Stimmen der Einwohnerinnen und Einwohner

Ehrenamtswehrführer Hans Hinrich Martens (Hauptbrandmeister 3 Sterne) aus Hohenaspe war 18 Jahre lang Amtswehrführer des Amtes Itzehoe-Land.

Durch meine langjährige ehrenamtliche Tätigkeit in der Freiwilligen Feuerwehr ist mir bewusstgeworden, dass durch mehr gegenseitiges Verständnis im täglichen Zusammenleben vieles an Problemen gelöst werden kann.
Ehrenamtswehrführer Hans H. Martens aus Hohenaspe
Ehrenamtswehrführer des Amtes Itzehoe-Land Hans Hinrich Martens
Das Amt Itzehoe-Land hat insgesamt 20 Mitgliedsgemeinden.
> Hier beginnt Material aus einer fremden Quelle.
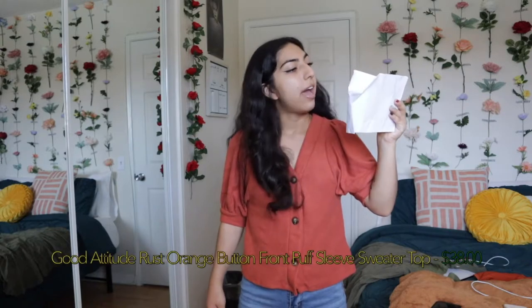Moving on to the next — this cute little top here. This one is called the Good Attitude Rust Orange Button Front Puff Sleeve Sweater Top. It has quite a long name but basically explains everything about the top. For one, the poofy sleeves, which are actually pretty new to me. I've never worn any top with puff sleeves — they just never really called my attention, but for some reason this one did. And I'm glad they are not overly puff, because if they were, I would probably hate this top.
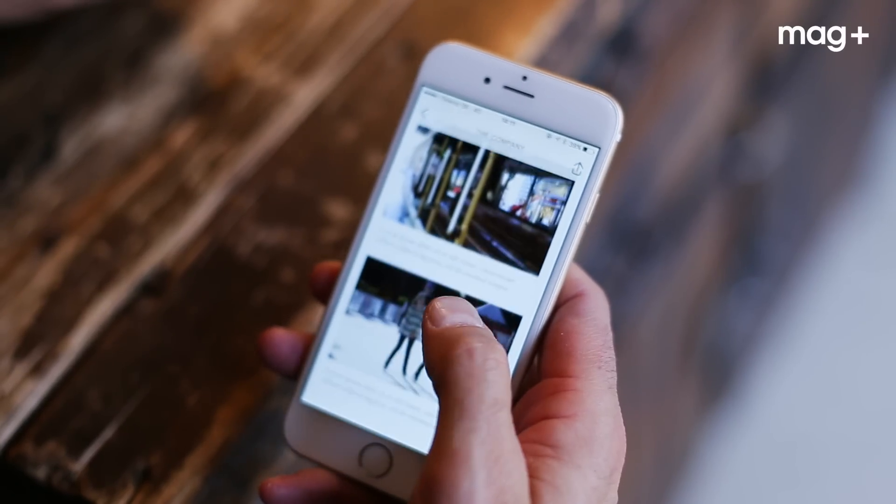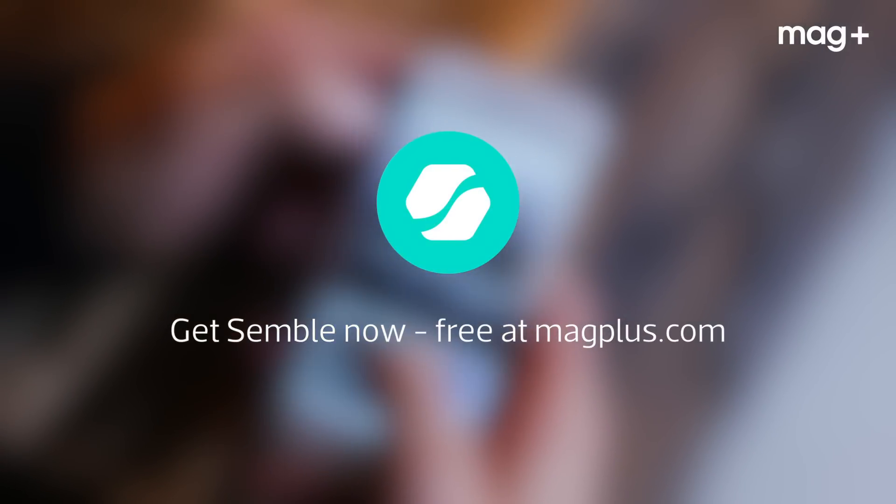He can update the app instantly whenever he wants. Check out the prelaunch Semble and make your own app.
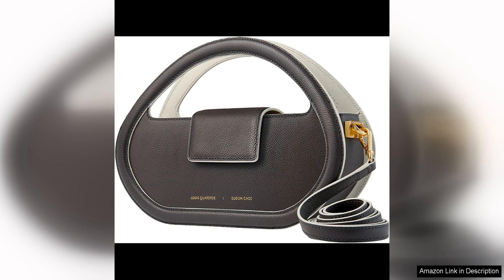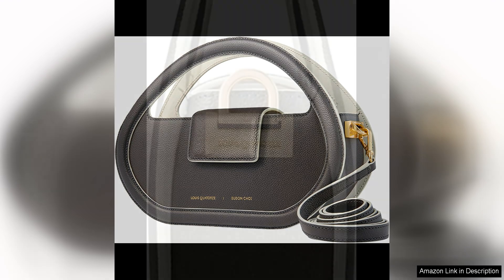The bag is crafted from high quality leather, which not only gives it a luxurious feel but also ensures durability. The colour palette of the Marion Bag is another standout feature. The combination of soft pastel hues and bold, vibrant tones creates a beautiful contrast that is both eye-catching and elegant.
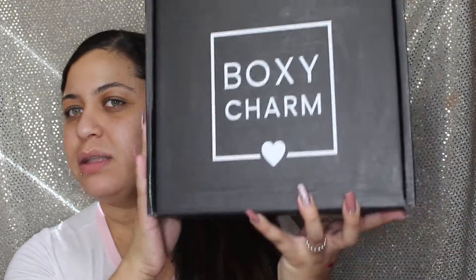Alright, so let's go on to the BoxyCharm Premium - I'm so excited for this box. It's a pretty, pretty box, it's big, it's huge. It's kind of the same box style. I can imagine the new BoxyLux - how big is it going to be now? So this is the BoxyCharm Premium - let's get started on the products here.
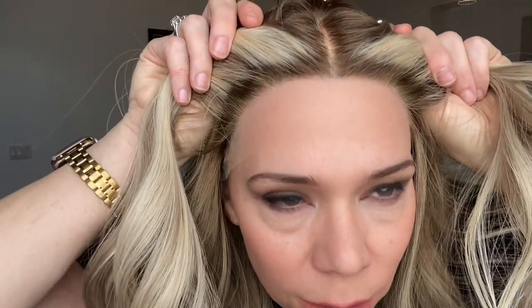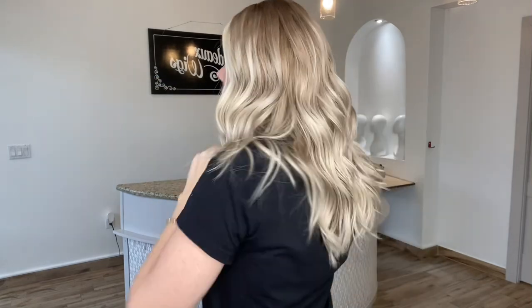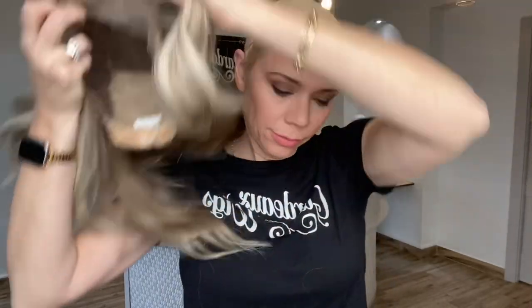This has a wefted cap, it is a silk top, and a lace front with bleach knots. This is about a level eight base on top.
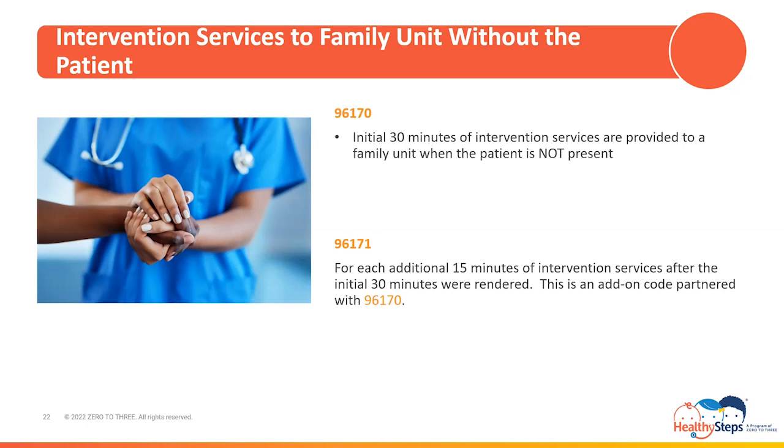Medi-Cal will reimburse for 96170 once per day and will reimburse for up to four units per day of its add-on code 96171. Before rendering and billing for intervention services without the patient present, please verify if these services are reimbursable at your practice, as some clinic types may not be eligible. FQHCs and RHCs are commonly known not to be eligible for reimbursement for services rendered without the patient present.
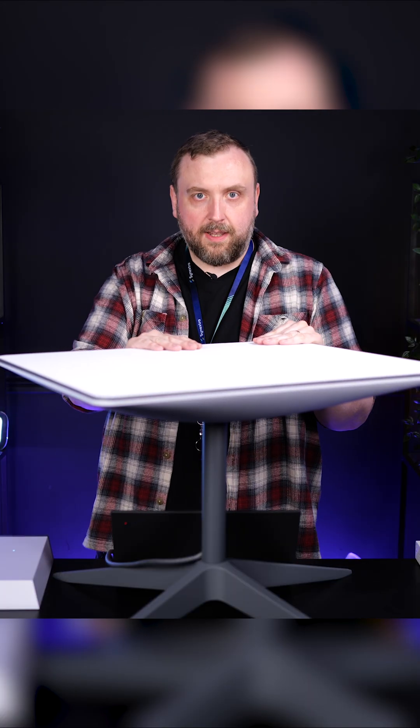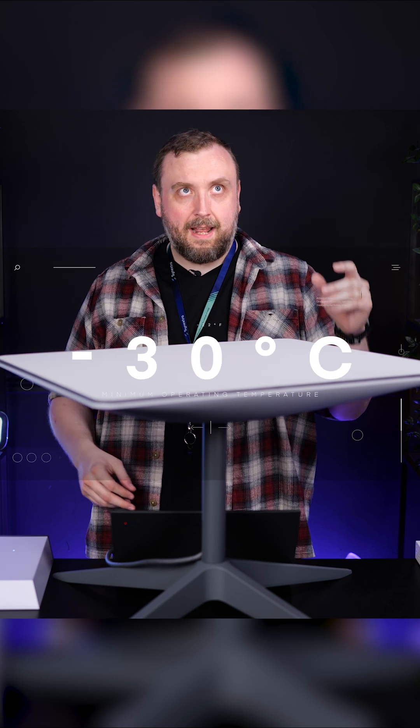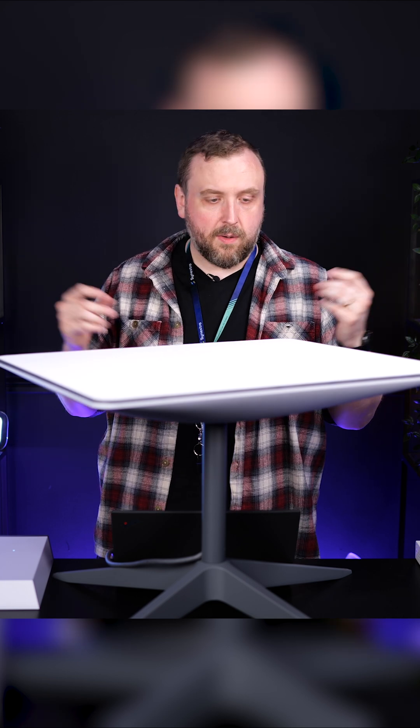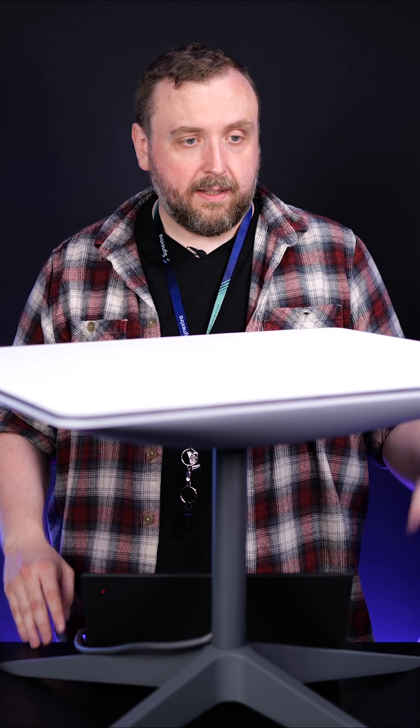Something also really interesting about this is I can feel the heat on it right now. These can operate in very low temperatures — it can operate down to, I think, minus 30. I wouldn't want to push it that far, but we shouldn't expect to see that in the UK anytime soon. And it will melt snow for you, so you don't have to worry about going out and scooping the snow off. It can melt up to about one and a half inches an hour, which is a lot — obviously four centimeters if you want it in metric.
In welcher davon wohnen Sie und wie lange schon?

Mit meiner Familie wohne ich schon seit über 50 Jahren in der Gemeinde Hohenaspe.

Was war der Grund für Ihre Entscheidung in einer der Gemeinden im Amt Itzehoe-Land zu wohnen?

Anfang 1970 fühlte ich mich nach Hohenaspe hingezogen. Unsere familiären Wurzeln liegen ebenfalls in der Gemeinde Hohenaspe.

Gibt es Ihrer Meinung nach etwas, was das Amt als Wohnort besonders auszeichnet und was Sie besonders schätzen?

Hohenaspe war schon immer eine fortschrittliche und sich weiterentwickelnde Gemeinde, welche als Gemeinde selbst dennoch auf einem natürlichen Niveau geblieben ist.

Wie gestalten Sie Ihre Freizeitaktivitäten vor Ort?

Als Ehrenmitglied in der Freiwilligen Feuerwehr Hohenaspe stehe ich im Bedarfsfall gern mit Rat und Tat zur Verfügung. Darüber hinaus bin ich leidenschaftlicher Jäger und auch als Jagdpächter in der Gemeinde Hohenaspe aktiv.

Haben Sie einen Ort im Amtsgebiet, den Sie besonders gerne besuchen? Welcher ist das?

In unserem Amtsgebiet Itzehoe-Land gibt es viele besondere Orte. Insbesondere habe ich in der waldreichen Region unseres Amtes die individuellen Wälder in den Gemeinden schätzen gelernt.

Gibt es etwas, was Ihnen besonders am Herzen liegt für das Zusammenleben in den Gemeinden und wie könnte das umgesetzt werden?

Durch meine langjährige ehrenamtliche Tätigkeit in der Freiwilligen Feuerwehr ist mir bewusstgeworden, dass durch mehr gegenseitiges Verständnis im täglichen Zusammenleben vieles an Problemen gelöst werden kann. Insofern wäre es wünschenswert, dass weiterhin jede Einwohnerin und jeder Einwohner den gewissen Grad an Akzeptanz im gemeindlichen Zusammenleben umsetzt.